Taking a little time for ourselves to just be seems to have some mixed reviews in North America, where productivity and “being in the know” might as well be tattooed to our very bodies. Lifehacks, and blending all our activities into one are normal course for many. We worship the busiest, like iconic entrepreneur Gary Vee who put it, “you need to work harder. And faster. I’m exhausted every day, but I’m making all sorts of things happen in my eighteen hours. Not only am I working eighteen hours, I’m working fast as hell in this eighteen hours.”

Of course not everyone would agree with those lifestyle choices. Jake Gyllenhaal said about our need to always be on our phones and on social media…”No one is looking up. I take that seriously, I think it’s saying something really important and a little scary.”

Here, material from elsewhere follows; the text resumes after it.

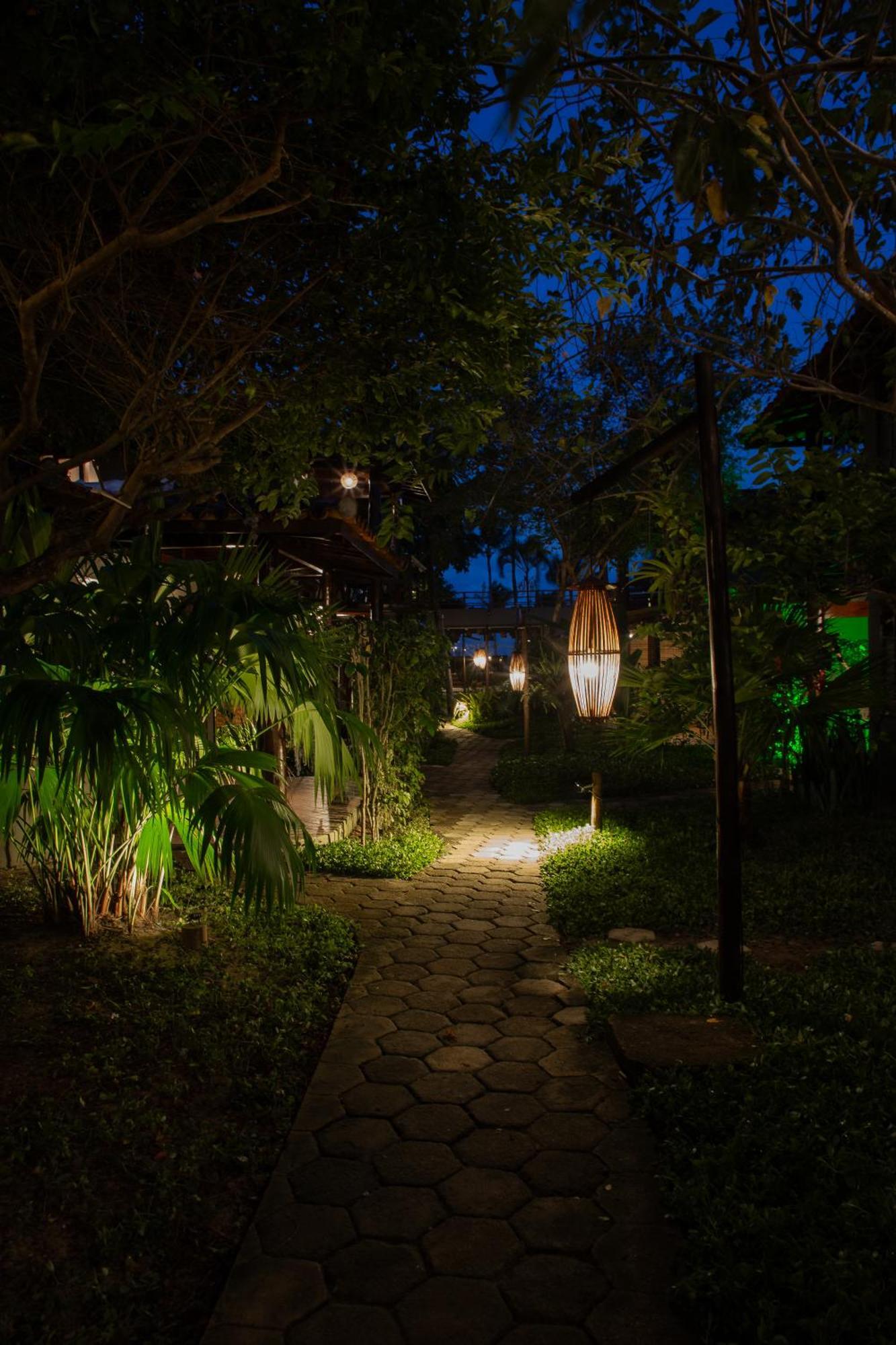 Pousada Villa Zena - Frente Ao Mar - Pe Na Areia 塞古罗港 外观 照片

Needless to say…at least this time I resisted the temptation to unholster my phone and just sipped my coffee.

I’m not saying Italian or Parisians are better than Canadians or Americans. Nor am I making the claim that they don’t look at their phones – that’s not for me to say.

The more simple question is what if we took away the 2go coffee cup (figuratively, not literally) and what if we actually ate long enough to enjoy our lunches? What if we weren’t always in a rush to finish our food and wine at dinner? Oh and what if evening strolls with the family were actually pretty cool… and not just for fitness! As Iris Murdoch said in The Sea, The Sea, “One of the secrets of a happy life is continuous small treats, and if some of these can be inexpensive and quickly procured so much the better.”

My trip here was only a few a weeks…just a small taste of the lifestyle. A taste, I assume will linger and nourish my soul for a long time to come.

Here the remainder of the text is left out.